Forum Moderators: open

Message Too Old, No Replies

other people's cookies

         

lucy24

10:05 pm on Sep 10, 2015 (gmt 0)

WebmasterWorld Senior Member 10+ Year Member Top Contributors Of The Month



Stop me if you've heard this one. While looking into something else, I discovered that some robots have been sending cookies with their requests-- only they're not my own cookies (with rare exceptions, that means piwik). So what the ### are they?

Sometimes they will send an empty "Cookies:" header-- infuriating, because I can't figure out how to block the request upfront ("absent" and "empty" both translate to "!.").
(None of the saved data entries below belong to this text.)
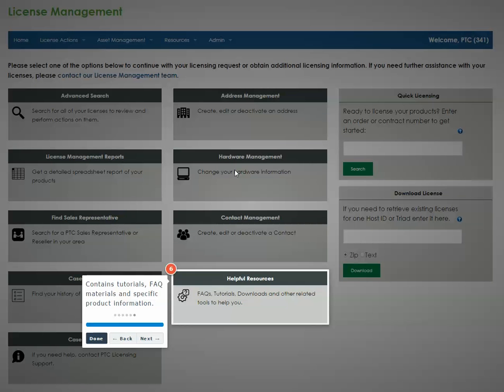Here you can find additional information and tools on how to use the application, such as tutorials, FAQs, help topics, and support contacts.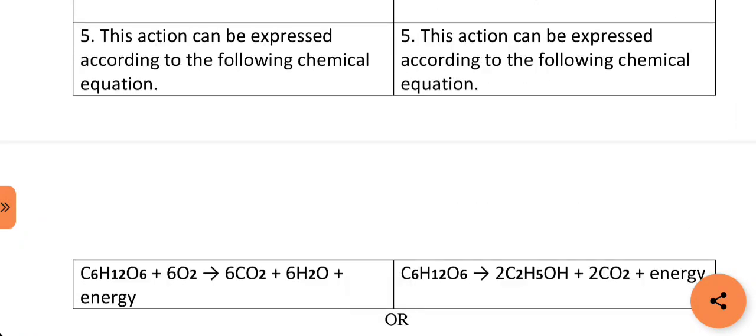The oxidation process can be expressed by the following chemical equation: C6H12O6 (glucose) reacts with oxygen to produce carbon dioxide, water, and energy. Whereas during anaerobic respiration, the reaction can be expressed by the following equation: C6H12O6 produces ethyl alcohol and carbon dioxide.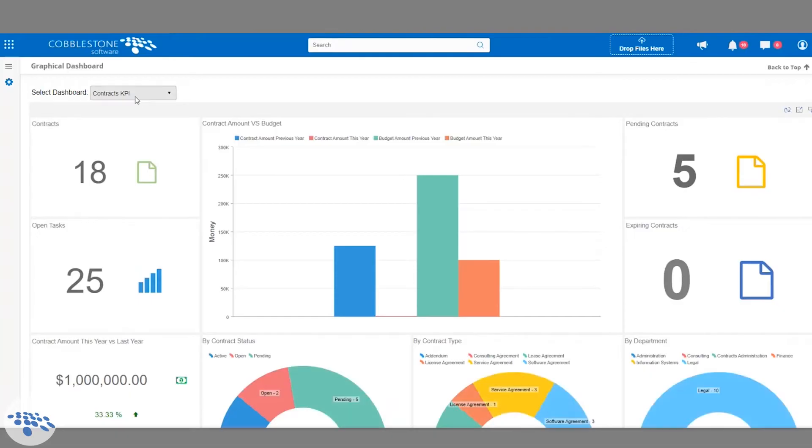When we first log into the system, we're going to be presented with one of two different types of dashboards. The one we have in front of us is called a graphical dashboard. There's 10 of these that come out of the box and you can build them in any way you'd like, very similar to custom reporting.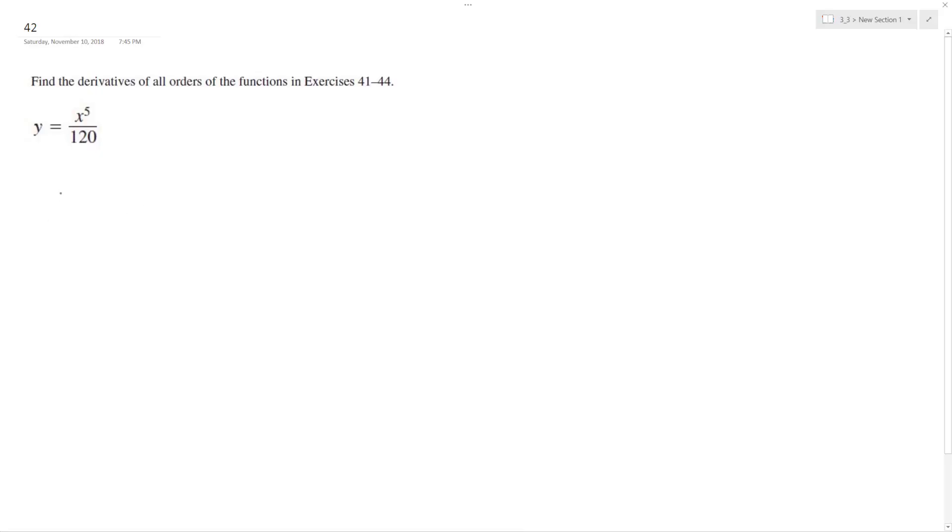All right, so we want to find the following: all orders of derivatives of x to the fifth over 120.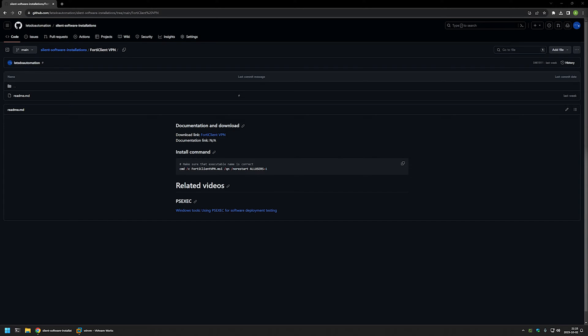In this video, I will be silently installing FortiClient VPN, the free version. I will also be using psexec to execute the installation as a system account to make sure that the installation is successful no matter what user I'm using to deploy the software.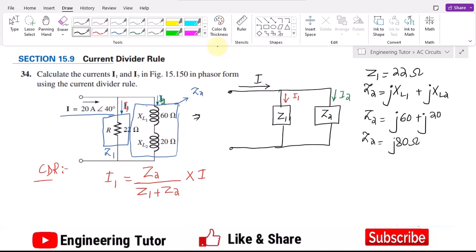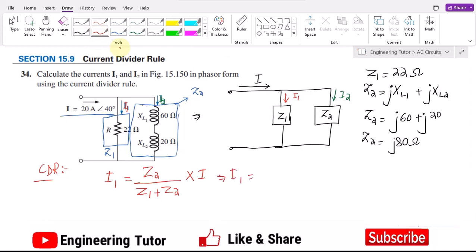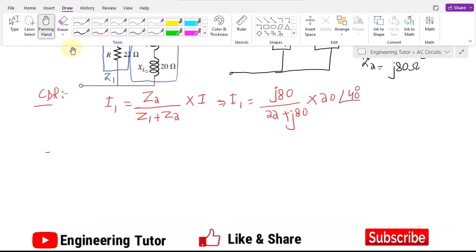Now putting the values in the formula: i1 equals Z2 (which is j80) divided by Z1 plus Z2 (which is 22 + j80), multiplied by the total source current, which is given as 20 at an angle of 40 degrees. The mathematical operations involved are multiplication and division, for which the most convenient form is the polar form. I'll put a link to the phasor concepts video for reference.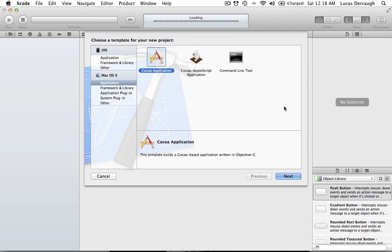Now so far we've worked with the document architecture, which basically allows you to save data in your file or create new documents, and you can save those to files and load that information back using archiving and unarchiving. We also talked about how we can use array controllers, which is a nice way that we can specify what kind of content the array controller is going to contain or manage, and then the array controller can basically take over adding new objects to the table view.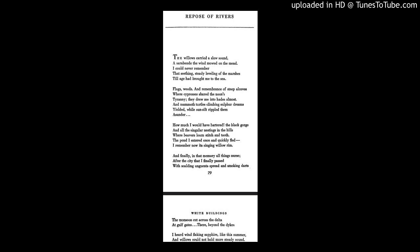Repose of Rivers. The willows carried a slow sound, a sarabande the wind mowed on the mead. I could never remember that seething, steady leveling of the marshes, till age had brought me to the sea.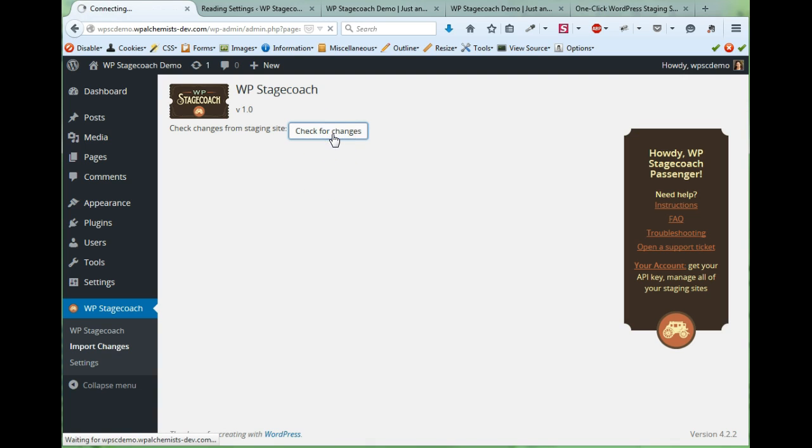Click check for changes and it will go look at the staging site and see what we've changed.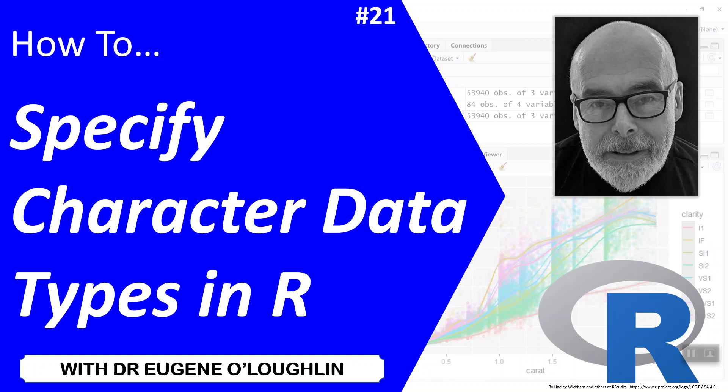Hi everyone, this is Eugene O'Loughlin and welcome to my series of how-to videos. In this video we're going to learn how to specify the character data types in R.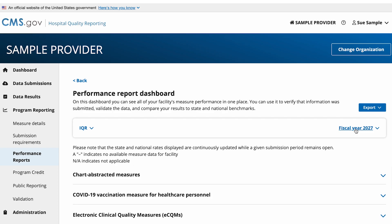Please note that the state and national rates displayed throughout the page will be continuously updated while a given submission period remains open. Each section will have facility, state, and national details provided by either quarter, reporting period, performance period, or by year.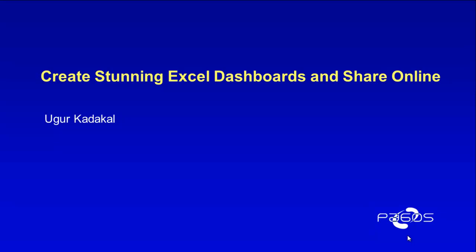Good morning. My name is Ugur Kadakal. In this video, I'm going to show you how you can create stunning dashboards in Excel and share them online.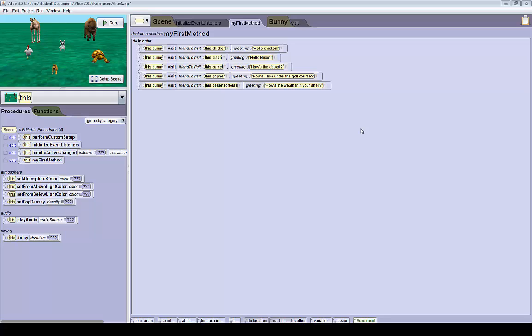Now we are going to create an event that allows us to call the bunny visit method whenever we click on a friend, and then he'll visit that friend that's clicked.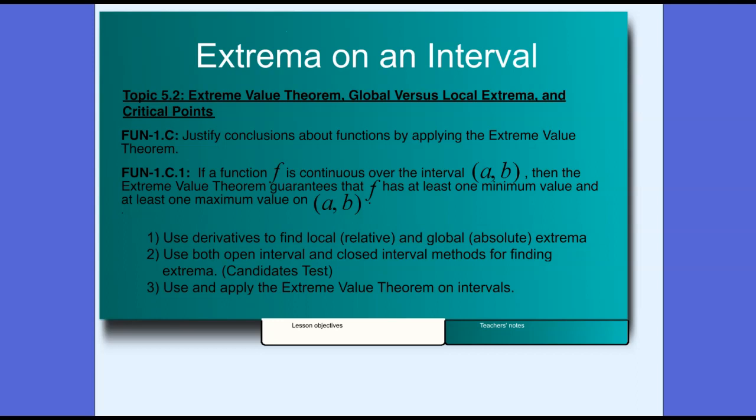Welcome to Lesson 5.2, Extrema on an Interval. The standard for this lesson is functions-1.c.1. If a function f is continuous over the open interval a-b, then the extreme value theorem guarantees that f has at least one minimum value and at least one maximum value on that open interval a-b. In this lesson, we will use derivatives to find local or relative and global or absolute extrema.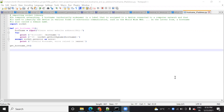Hello everyone, welcome to my course Python project. I am Amit and today we are going to start a new project — finding the hostname with the help of Python. As you can see on my screen, I have written the code and I will explain how it works and how you can find out the hostname.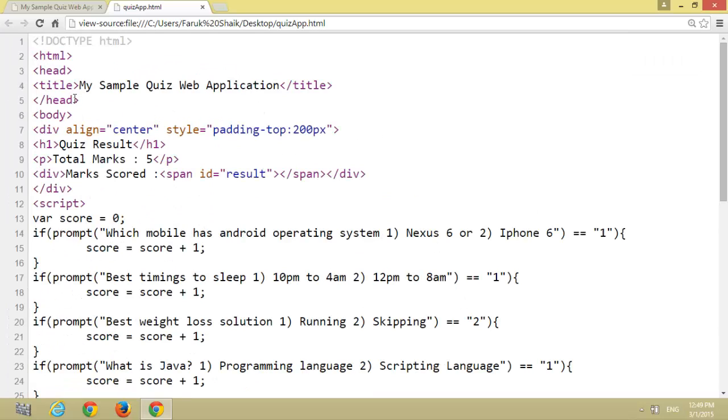Here we can see the title, total marks. I have given the total marks statically. Marks scored, result.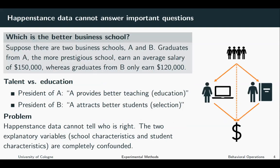Happenstance data cannot answer important questions. With happenstance data, the problem is that we do not really have a controlled environment, which leads to the problem that we often cannot distinguish between causality and correlation. Let us look at this in an example.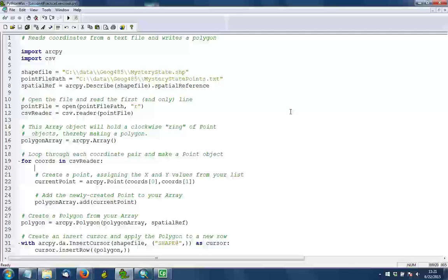Before we start doing that, though, in line 16, we create an empty ArcPy Array object. We know in this case we're just going to create one geometry. It's going to be one polygon with one array. So it's okay to create that array before we start looping. And we actually don't want to create it inside the loop because we would be creating multiple arrays, and we just need one of them in this case.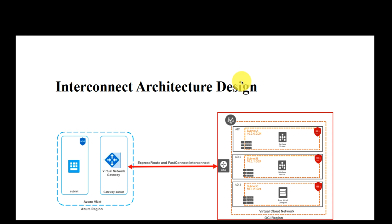Hi everyone, my name is John Nguyen Tran and I'm a solution engineer working for Oracle in Reston, Virginia. Today I'm going to talk about the interconnect architecture design between Oracle OCI and Microsoft Azure.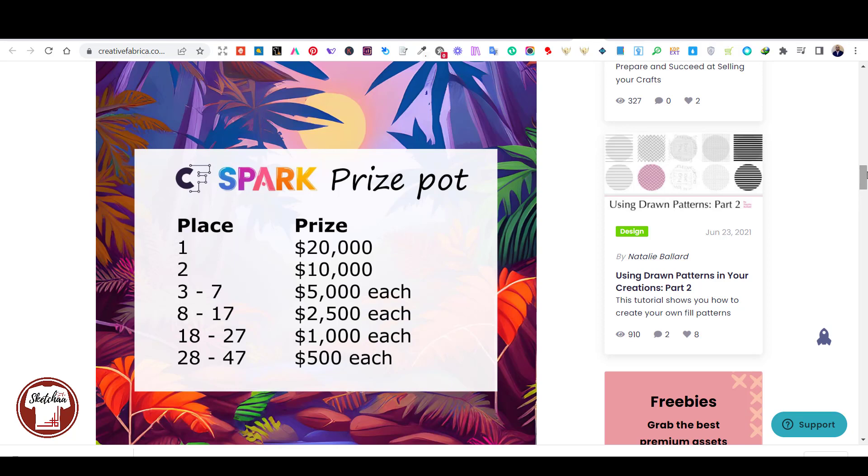First place gets you 20 grand, second place 10 grand, and the third to seventh place will get 5,000 each. Eighth through 17th will get you 2,500 each, 18th to 27th will get you a thousand, and 28th place through 47th will get you $500 each.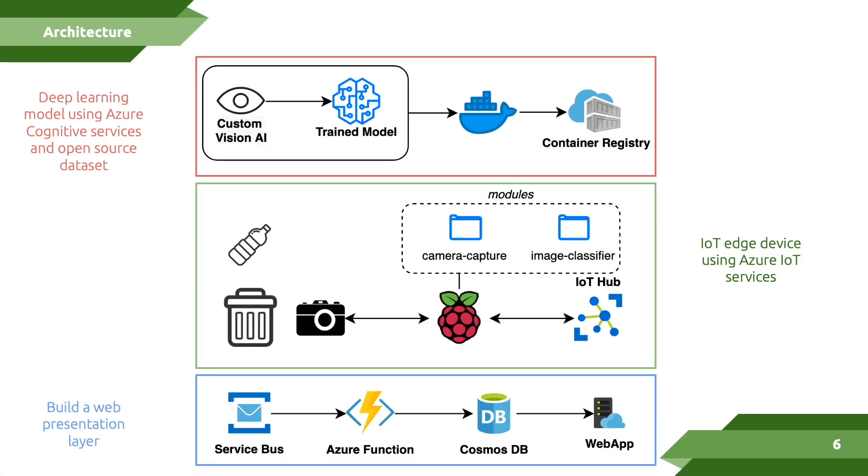Here's a high-level architecture diagram of our final solution. Let's step into each individual piece and describe how it works and what it's able to achieve.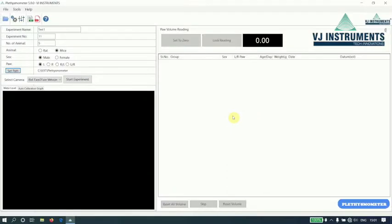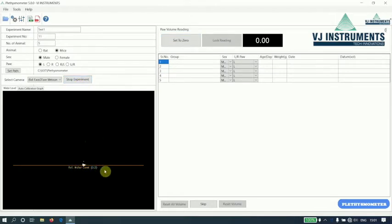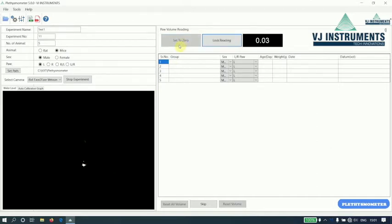Now, let us start the experiment by clicking Start button. Once we click on Start button, the reference water level is set. It should be within plus or minus 5. So, let us click on Set to 0. And insert a 2CC cube to check whether the calibration we have done is proper.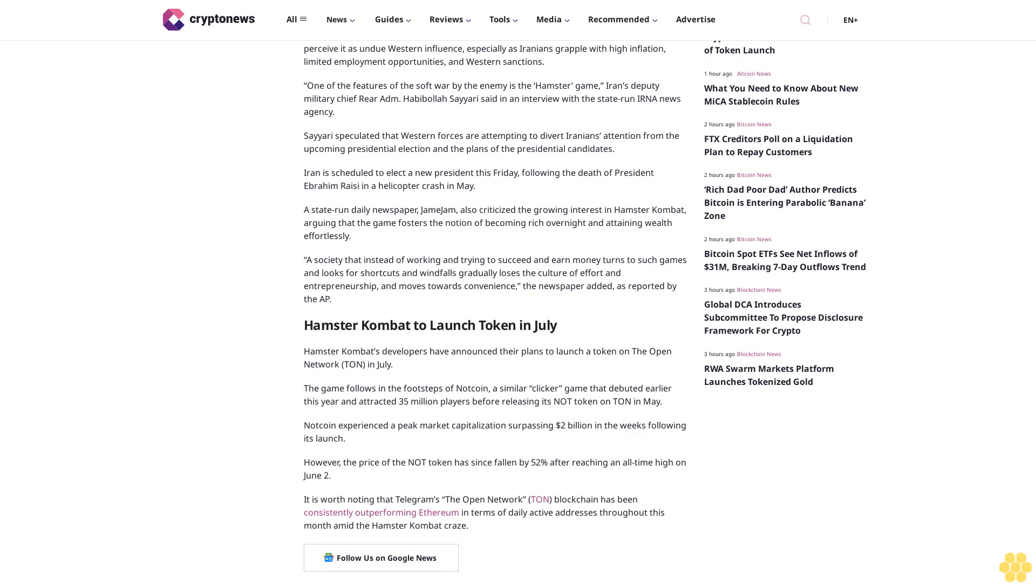Notcoin experienced a peak market capitalization surpassing $2 billion in the weeks following its launch. However, the price of the NOT token has since fallen by 52% after reaching an all-time high on June 2.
Or, for variety's sake, the cookie string will begin in "=true" meaning, I guess, "I don't know what it is, but I know it exists".

There are lots of session-ID type things: cookies with names beginning in
ASPSESSIONID
JSESSIONID
PHPSESSID
_session_id
phpbb3_
session-id
sid

Lots more beginning in CF:
CFCLIENT
CFGLOBALS
CFID
CFTOKEN

Sometimes the CFs are preceded by the equally inexplicable
Cookie2: $Version=1

Other frequent visitors:
TS01etcetera
guest_idv1 etcetera
ubvt54.209.60.etcetera, where the last bit is not the rest of an AWS URL but an 18-digit number

Some look as if they're misplaced headers:
X-Mapping
cookie_policy1
countryGB
Countrybe
languageen etc
localede
locales.country=FR
nopop1
noredirect1

One that particularly puzzzled me-- and prompted me to take a closer look-- was an apparent human whose second request was blocked due to a
netseer_cm=done
that showed up out of nowhere. (I always check piwik requests originating from the 403 page. Most are all too easily explained, because the referer is listed as semalt or equivalent; the rare others are wrongly excluded humans that need a closer look.)

What the heck?

dstiles

6:59 pm on Sep 11, 2015 (gmt 0)

WebmasterWorld Senior Member 10+ Year Member Top Contributors Of The Month



> Cookie2: $Version=1

I have an exception for (old?) nokia devices but otherwise block it.

lucy24

8:49 pm on Sep 11, 2015 (gmt 0)

WebmasterWorld Senior Member 10+ Year Member Top Contributors Of The Month



Cookie2: $Version=1
I did a different search. Looky here:
IP: 107.23.45.196
Referer: http://example.com/
Host: example.com
Cookie: nopop=1; noexit=1; nosnd=1
Accept-Language: en-US,en;q=0.8,zh;q=0.6,es;q=0.4
Accept: */*
Connection: close
User-Agent: Mozilla/5.0 (compatible; DuckDuckGo-Favicons-Bot/1.0; +http://duckduckgo.com)
Cookie2: $Version="1"
or
IP: 107.23.45.196
Referer: http://example.com/
Host: example.com
Cookie: XTCsid=d612effe7e71950124d7e94555cc3e4c
Accept-Language: en-US,en;q=0.8,zh;q=0.6,es;q=0.4
Accept: */*
Connection: close
User-Agent: Mozilla/5.0 (compatible; DuckDuckGo-Favicons-Bot/1.0; +http://duckduckgo.com)
Cookie2: $Version="1"
<topic drift>
Honestly, somebody needs to have a talk with DDG and ask why they're trying so, so hard to get their faviconbot blocked six ways from Sunday. It looks as if they only did it for a few months, earlier this year, but still.
</td>

Those are the only anomalous occurences of "Cookie2" I could find. That is, the only anomalous pattern; there were more than two DDGs of this kind. Everywhere else, "Cookie2" comes immediately before the bogus "Cookie:" line, and its value is 1 without quotation marks.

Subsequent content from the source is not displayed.